* _Work instruction_
Give again only the lines from the line that holds "Детская площадка на участке" to the end of the data, inclusive, omitting all pictures.

* _Input data_
::::

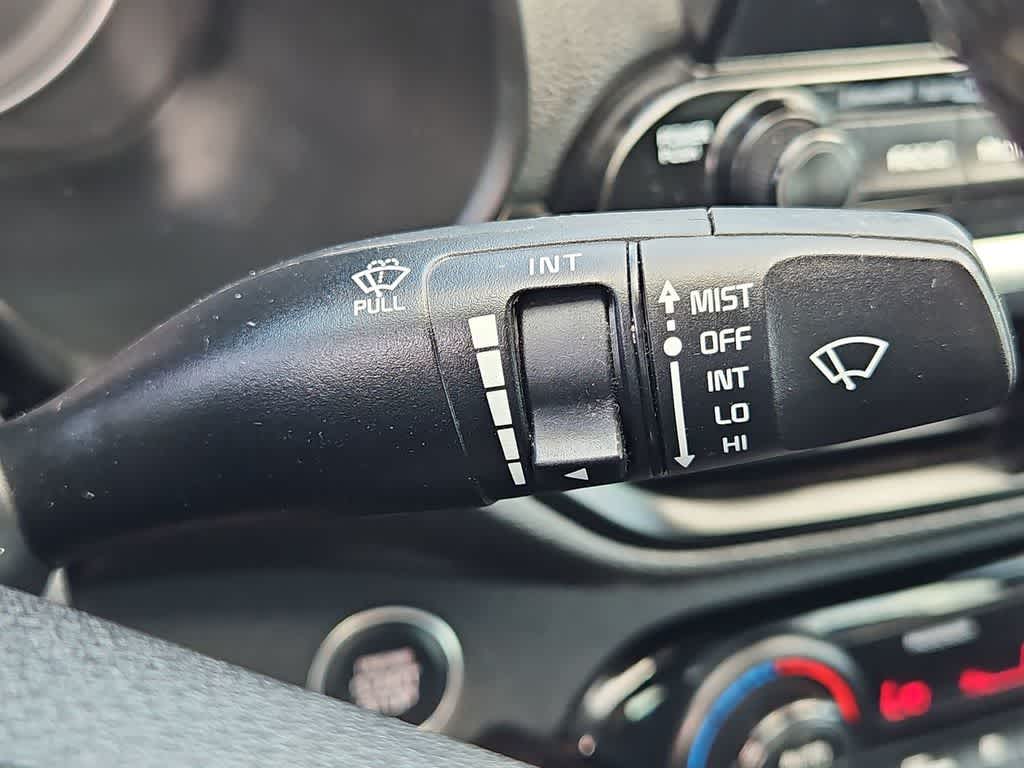 Thumbnail: 2020 Kia Forte - 28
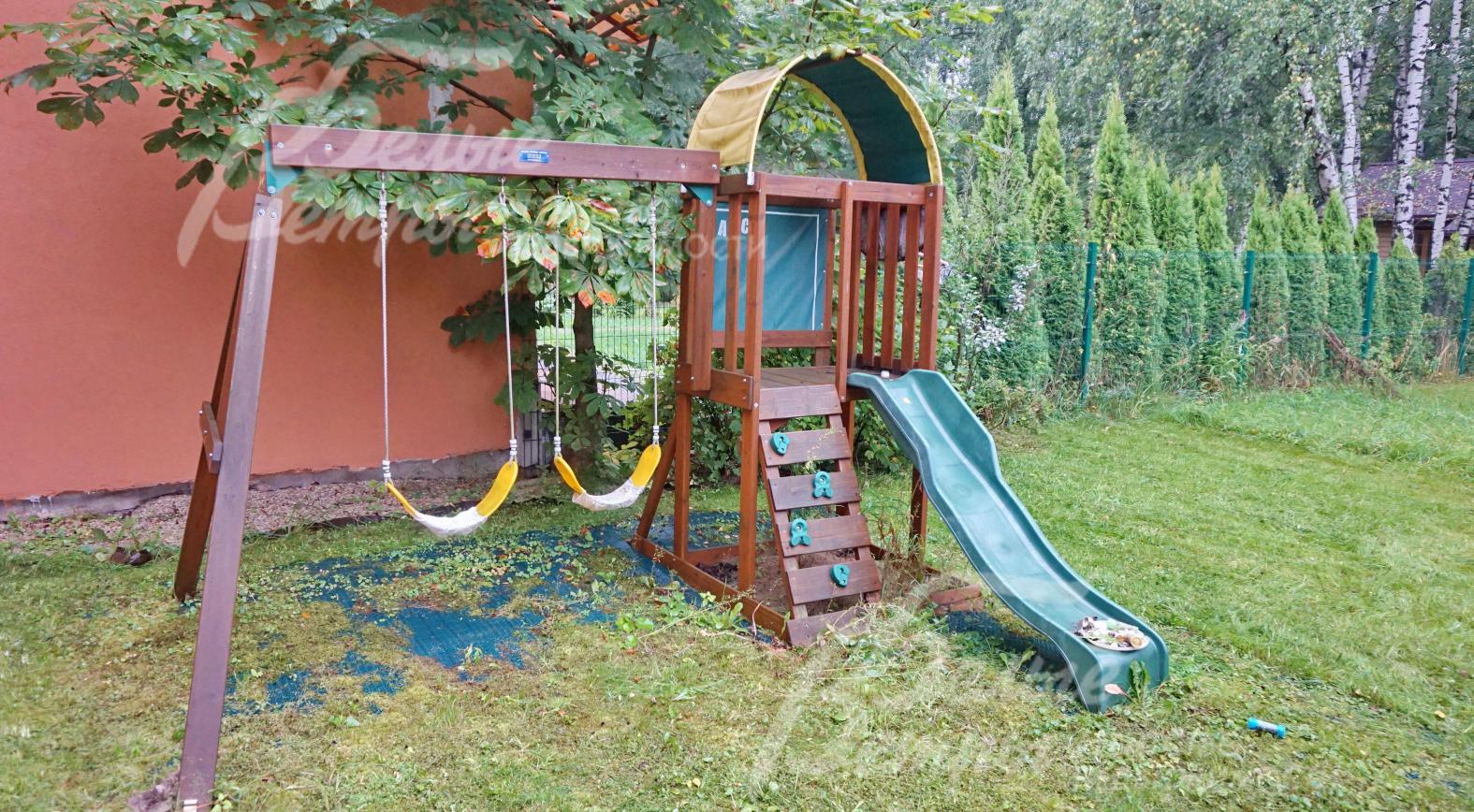 Детская площадка на участке
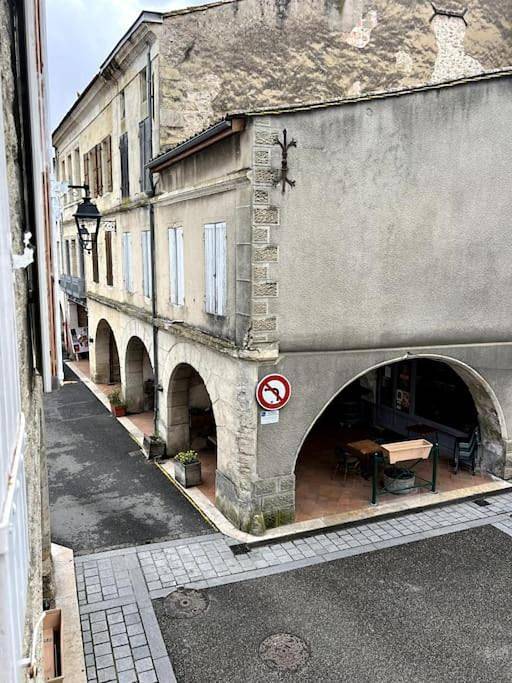 Gîte pour 2 personnes, avec vue, animaux acceptés à Monségur - 4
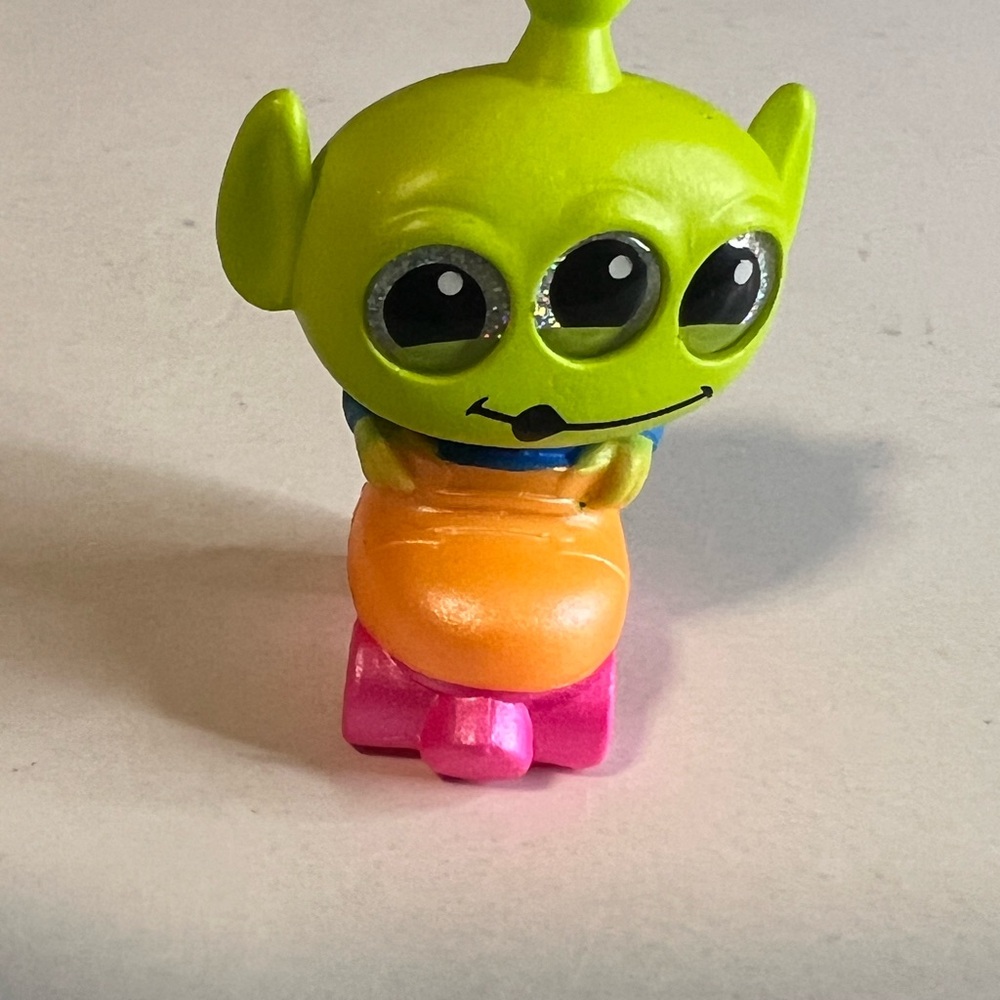 Disney let’s party Alien Doorable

::::

* _Exercise result_
 Детская площадка на участке
 Gîte pour 2 personnes, avec vue, animaux acceptés à Monségur - 4
 Disney let’s party Alien Doorable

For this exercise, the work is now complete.